Der Zwang zum Deal

Teilnehmer des 35. Strafverteidigertages in Berlin 2011 fordern die Abschaffung des § 257 c StPO weil diese gesetzlich Regelung geeignet ist unzulässigen Druck auf Angeklagte in Richtung auf ein Geständnis auszuüben.

Das Gesetz zur Regelung der Verständigung im Strafverfahren vom 29.07.2009 trat ohne Vorlaufzeit am Tag nach seiner Verkündung im Bundesgesetzblatt am 04.08.2009 in Kraft. Damit sollte die jahrelang ausgeübte Praxis des "Deals" eine gesetzliche Verankerung bekommen. Anlässlich seines Vortrags vom 04.10.2010 im Münchner Künstlerhaus zum Thema „Vertrauen in die Justiz - Vertrauen zu den Richtern“ gab der ehemalige Präsident des Bundesgerichtshofs Herr Prof. Dr.

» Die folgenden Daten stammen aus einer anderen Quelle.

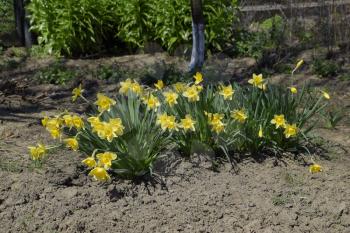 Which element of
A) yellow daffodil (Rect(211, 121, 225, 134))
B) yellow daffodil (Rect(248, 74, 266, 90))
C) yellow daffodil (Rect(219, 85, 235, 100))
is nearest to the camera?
yellow daffodil (Rect(211, 121, 225, 134))

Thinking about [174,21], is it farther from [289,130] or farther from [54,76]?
[289,130]

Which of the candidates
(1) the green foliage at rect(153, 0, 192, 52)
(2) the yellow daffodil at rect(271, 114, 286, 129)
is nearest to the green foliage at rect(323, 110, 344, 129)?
(2) the yellow daffodil at rect(271, 114, 286, 129)

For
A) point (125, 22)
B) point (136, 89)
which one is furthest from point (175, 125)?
point (125, 22)

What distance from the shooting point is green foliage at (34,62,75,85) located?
6.95 meters

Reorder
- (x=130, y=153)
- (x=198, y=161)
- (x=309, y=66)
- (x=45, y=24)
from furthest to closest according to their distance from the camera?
(x=45, y=24)
(x=309, y=66)
(x=198, y=161)
(x=130, y=153)

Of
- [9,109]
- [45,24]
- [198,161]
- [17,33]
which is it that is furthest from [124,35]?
[198,161]

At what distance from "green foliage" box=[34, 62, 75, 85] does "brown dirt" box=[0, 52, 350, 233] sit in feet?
9.29

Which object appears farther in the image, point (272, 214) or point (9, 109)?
point (9, 109)

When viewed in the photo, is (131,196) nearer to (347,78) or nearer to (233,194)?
(233,194)

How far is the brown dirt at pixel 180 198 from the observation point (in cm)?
347

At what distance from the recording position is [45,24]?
8141 millimetres

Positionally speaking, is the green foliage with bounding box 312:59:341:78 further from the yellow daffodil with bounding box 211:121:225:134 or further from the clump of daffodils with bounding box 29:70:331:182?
the yellow daffodil with bounding box 211:121:225:134

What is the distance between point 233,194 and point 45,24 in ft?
17.1

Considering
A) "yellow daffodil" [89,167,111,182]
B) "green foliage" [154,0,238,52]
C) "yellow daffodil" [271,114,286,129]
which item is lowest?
"yellow daffodil" [89,167,111,182] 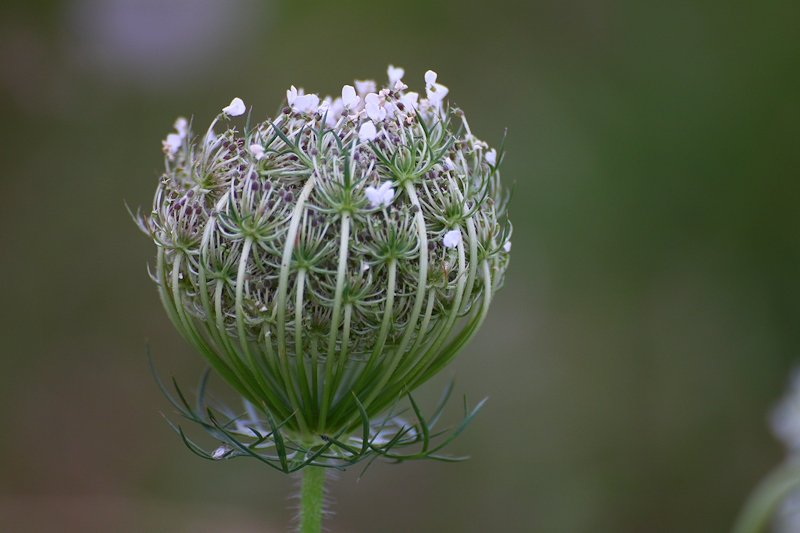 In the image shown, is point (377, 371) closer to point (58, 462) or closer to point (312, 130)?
point (312, 130)

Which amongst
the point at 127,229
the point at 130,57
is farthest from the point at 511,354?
the point at 130,57

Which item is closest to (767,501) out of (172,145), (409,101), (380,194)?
(380,194)

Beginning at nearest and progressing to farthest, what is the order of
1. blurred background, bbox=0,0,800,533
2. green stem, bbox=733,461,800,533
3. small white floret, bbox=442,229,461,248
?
small white floret, bbox=442,229,461,248
green stem, bbox=733,461,800,533
blurred background, bbox=0,0,800,533

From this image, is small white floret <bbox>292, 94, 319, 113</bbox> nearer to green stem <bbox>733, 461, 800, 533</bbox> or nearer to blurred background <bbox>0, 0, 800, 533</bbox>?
green stem <bbox>733, 461, 800, 533</bbox>

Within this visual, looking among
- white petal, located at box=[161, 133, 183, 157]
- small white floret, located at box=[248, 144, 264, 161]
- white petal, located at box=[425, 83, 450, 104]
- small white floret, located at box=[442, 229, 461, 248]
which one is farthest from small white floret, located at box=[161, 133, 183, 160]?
small white floret, located at box=[442, 229, 461, 248]

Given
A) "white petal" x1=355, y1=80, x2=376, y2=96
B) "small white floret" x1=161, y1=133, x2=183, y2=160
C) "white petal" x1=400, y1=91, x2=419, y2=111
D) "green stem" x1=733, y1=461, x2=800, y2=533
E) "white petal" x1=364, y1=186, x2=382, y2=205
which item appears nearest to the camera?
"white petal" x1=364, y1=186, x2=382, y2=205

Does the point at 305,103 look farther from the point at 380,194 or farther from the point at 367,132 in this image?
the point at 380,194

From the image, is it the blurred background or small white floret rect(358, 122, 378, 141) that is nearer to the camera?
small white floret rect(358, 122, 378, 141) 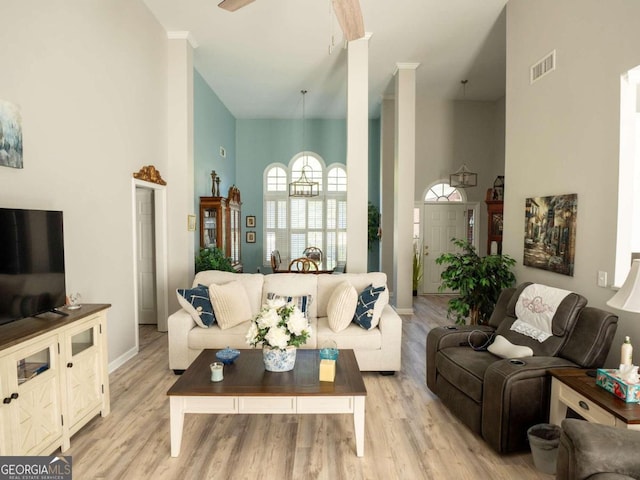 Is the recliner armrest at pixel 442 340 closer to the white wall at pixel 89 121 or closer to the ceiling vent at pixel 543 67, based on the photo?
the ceiling vent at pixel 543 67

Günter Hirsch auf die Frage, was er von der gesetzlichen Regelung der Verständigung halte, folgende Antwort, er habe damals an den Beratungen des großen Strafsenats über das grundlegende Urteil vom 03.März 2005 teilgenommen, es sei die interessanteste und spannendste Diskusiion seiner Richterlaufbahn gewesen. Der BGH habe sich damals veranlasst gesehen, die Zulässigkeit von Verfahrensabsprachen zu bestätigen, weil die ihm vorliegenden Statistiken gezeigt hätten, dass mit einer generelle Ablehnung von Verfahrensabsprachen die Funktionstüchtigkeit der Justiz nicht mehr gewährleistet gewesen wäre. Der große Senat sei jedoch der Auffassung gewesen, dass mit seiner Entscheidung die Grenzen der richterlichen Rechtsfortbildung erreicht seien und habe deshalb ausdrücklich an den Gesetzgeber appelliert, seine Aufgabe, die grundsätzlichen Fragen des Strafverfahrens zu regeln, wahrzunehmen und eine gesetzliche Regelung zur Zulässigkeit und zu den Grenzen der Verfahrensabsprachen zu treffen.
Die inzwischen gemachten Erfahrungen zeigen jedoch, dass sich mit dem Gesetz die Situation der Angeklagten nicht verbessert, sondern eher verschlechtert hat. Die Formulierung in § 257 c Abs. 2 Satz 2: "Bestandteil jeder Verständigung soll ein Geständnis sein" und die Formulierung in Abs. 3 Satz 2: "Es (das Gericht) kann dabei unter freier Würdigung aller Umstände des Falles sowie der allgemeinen Strafzumessungsbestimmungserwägungen auch eine Ober- und Untergrenze der Strafe angeben" führt dazu, dass Strafrichter bereits zu Beginn einer Hauptverhandlung den Angeklagten damit konfrontieren, dass sich ein Geständnis für ihn erheblich besser auswirken wird als die Durchführung einer streitigen Verhandlung. Das kann dazu führen, dass Angeklagte, die unschuldig sind und sich einer schwierigen Beweislage ausgesetzt sehen, aus Angst vor einer hohen Strafe ein falsches Geständnis abgeben.